For every entry below, give an exact repeat and leave out the pictures.

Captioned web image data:
════
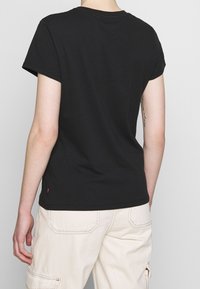 Camiseta de algodón negra con mangas cortas, cuello redondo clásico y un pequeño logo en el dobladillo. Presenta un corte holgado y una textura suave.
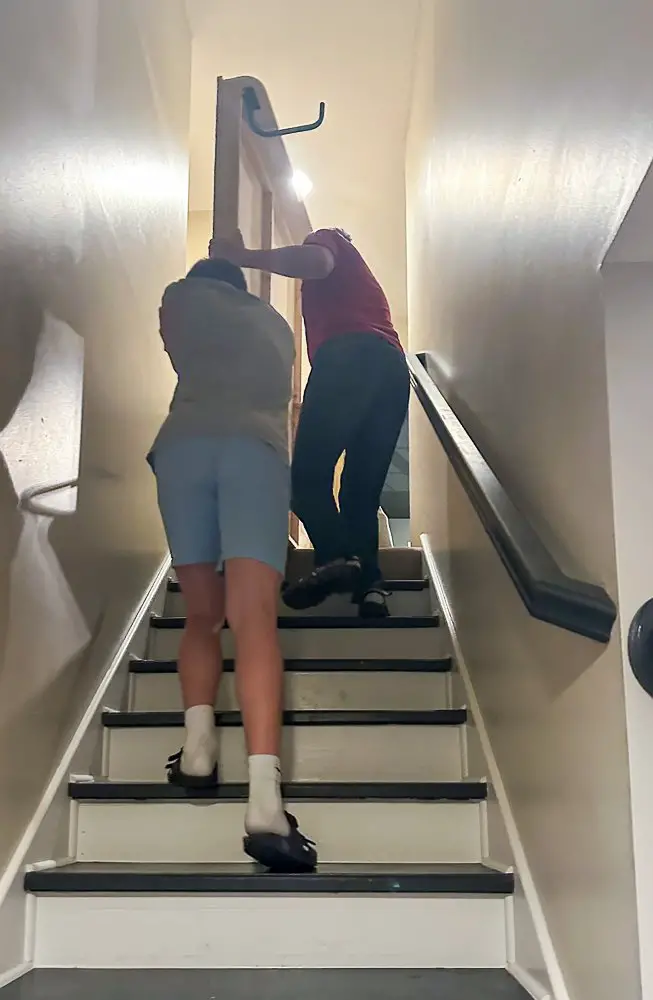 2 guys carrying a murphy bed upstairs for Home Office Guest Room Reveal.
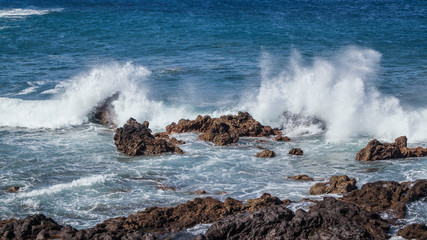 Waves Crashing over Rocks showing Spray and White Foam La Palma Canary Islands Spain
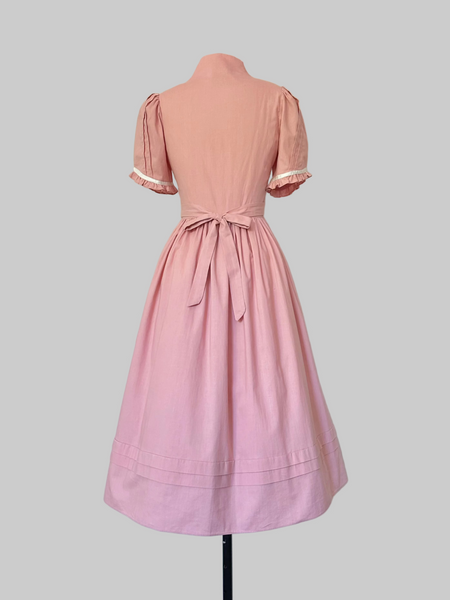 Vintage 1970s Gunne Sax midi dress in rose pink with puffed sleeves, lace trim, and front button closures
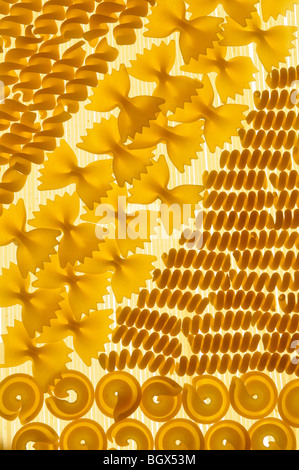 Abstract patterns and shapes of various pasta in backlit lighting Stock Photo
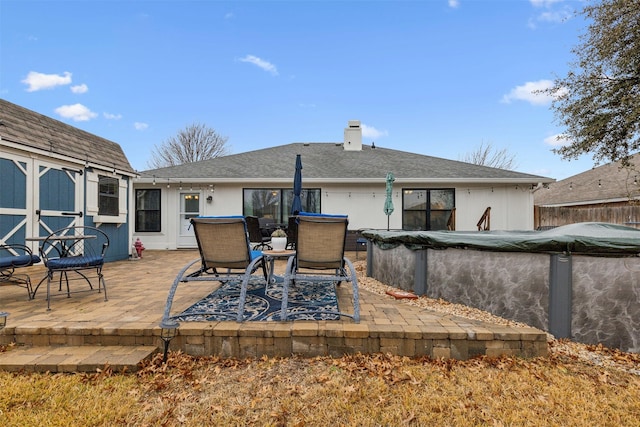 back of house with a patio area, a covered pool, and a storage unit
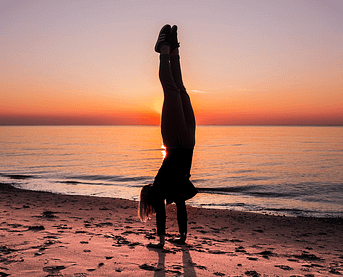 handstand on the beach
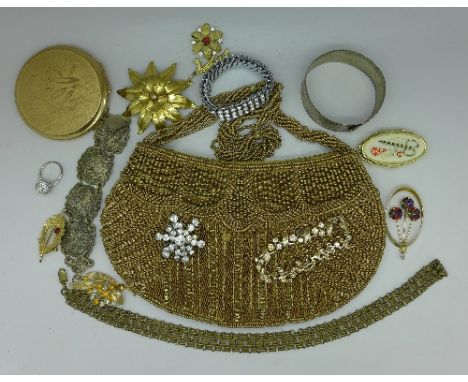 A beaded bag, costume jewellery, a compact, etc.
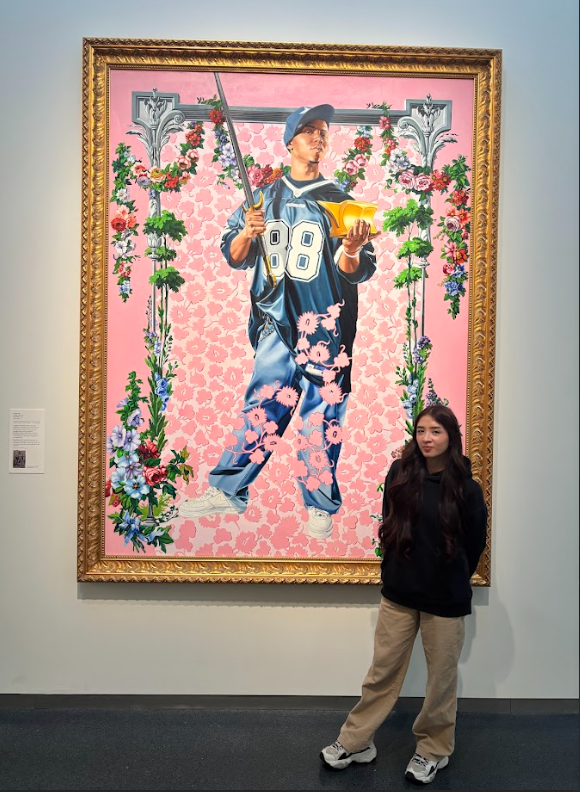 student in front of a painting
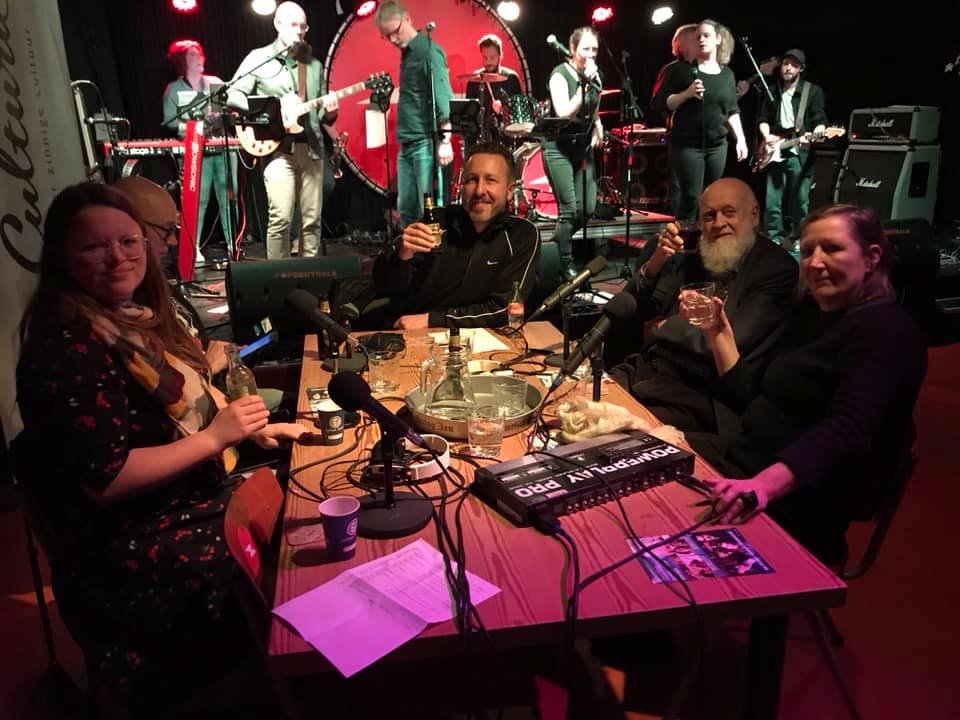 Foto van Renée en enkele andere gasten bij de lokale radio. Zittend aan tafel, allerlei apparatuur en drankjes erbij. Op de achtergrond een band op podium.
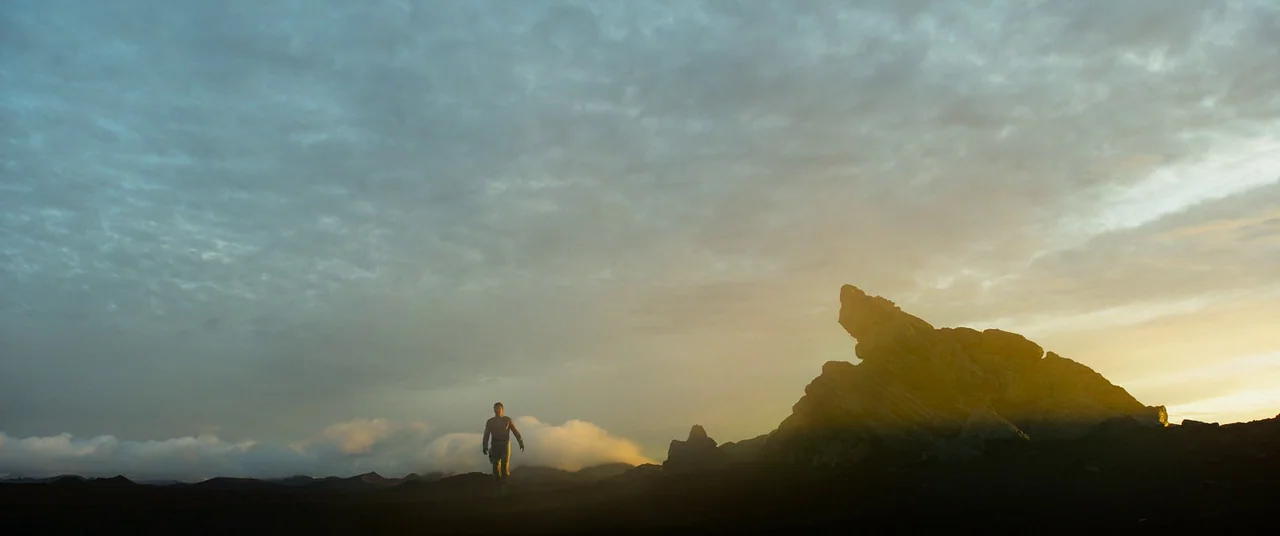 Oblivion (2013) movie still: wide — A vast, dark volcanic plain extends towards jagged rock formations under a cloudy sky. A solitary man walks…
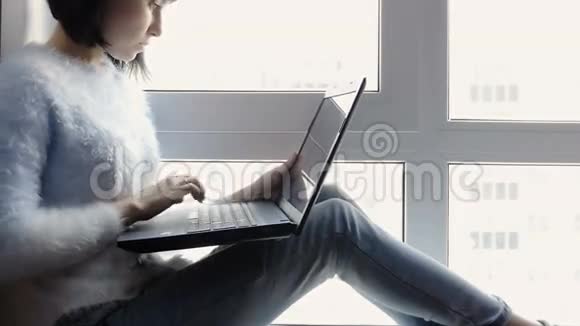 年轻迷人的女孩坐在窗边手里拿着笔记本电脑一位美丽的黑发商界女性在电脑上工作视频的预览图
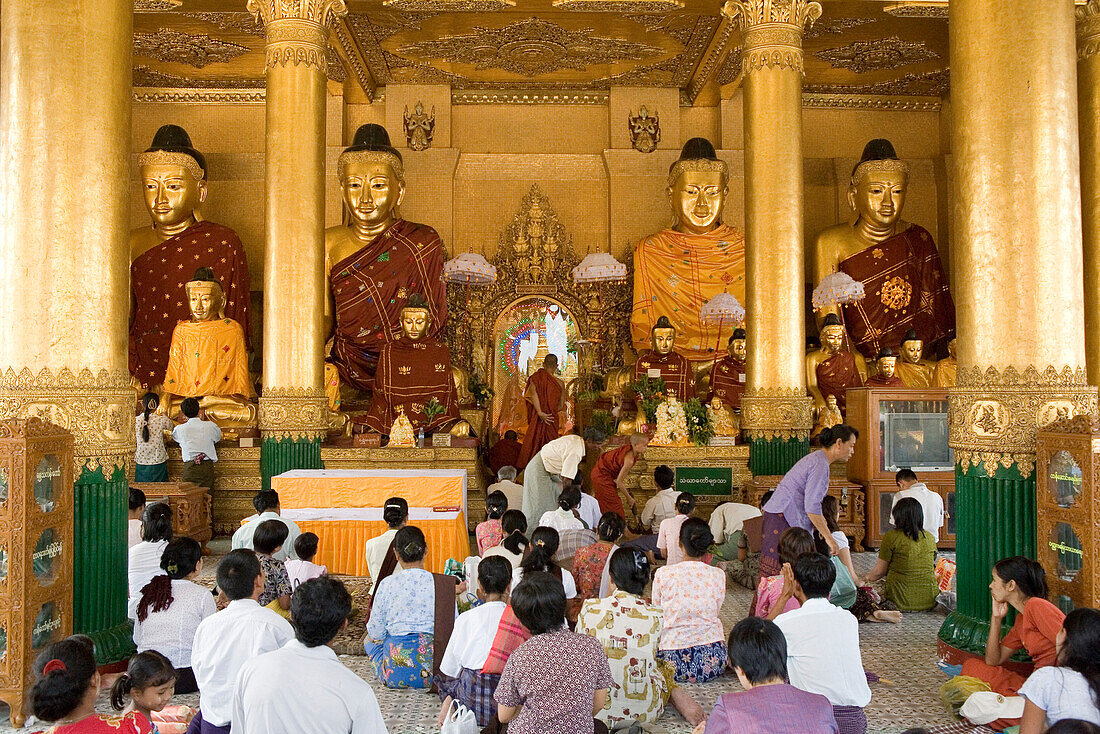 Buddha statues inside the Shwedagon Pagoda at Yangon, Rangoon, Myanmar, Burma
════
» SOLUTION TO THE PROBLEM:
 Camiseta de algodón negra con mangas cortas, cuello redondo clásico y un pequeño logo en el dobladillo. Presenta un corte holgado y una textura suave.
 2 guys carrying a murphy bed upstairs for Home Office Guest Room Reveal.
 Waves Crashing over Rocks showing Spray and White Foam La Palma Canary Islands Spain
 Vintage 1970s Gunne Sax midi dress in rose pink with puffed sleeves, lace trim, and front button closures
 Abstract patterns and shapes of various pasta in backlit lighting Stock Photo
 back of house with a patio area, a covered pool, and a storage unit
 handstand on the beach
 A beaded bag, costume jewellery, a compact, etc.
 student in front of a painting
 Foto van Renée en enkele andere gasten bij de lokale radio. Zittend aan tafel, allerlei apparatuur en drankjes erbij. Op de achtergrond een band op podium.
 Oblivion (2013) movie still: wide — A vast, dark volcanic plain extends towards jagged rock formations under a cloudy sky. A solitary man walks…
 年轻迷人的女孩坐在窗边手里拿着笔记本电脑一位美丽的黑发商界女性在电脑上工作视频的预览图
 Buddha statues inside the Shwedagon Pagoda at Yangon, Rangoon, Myanmar, Burma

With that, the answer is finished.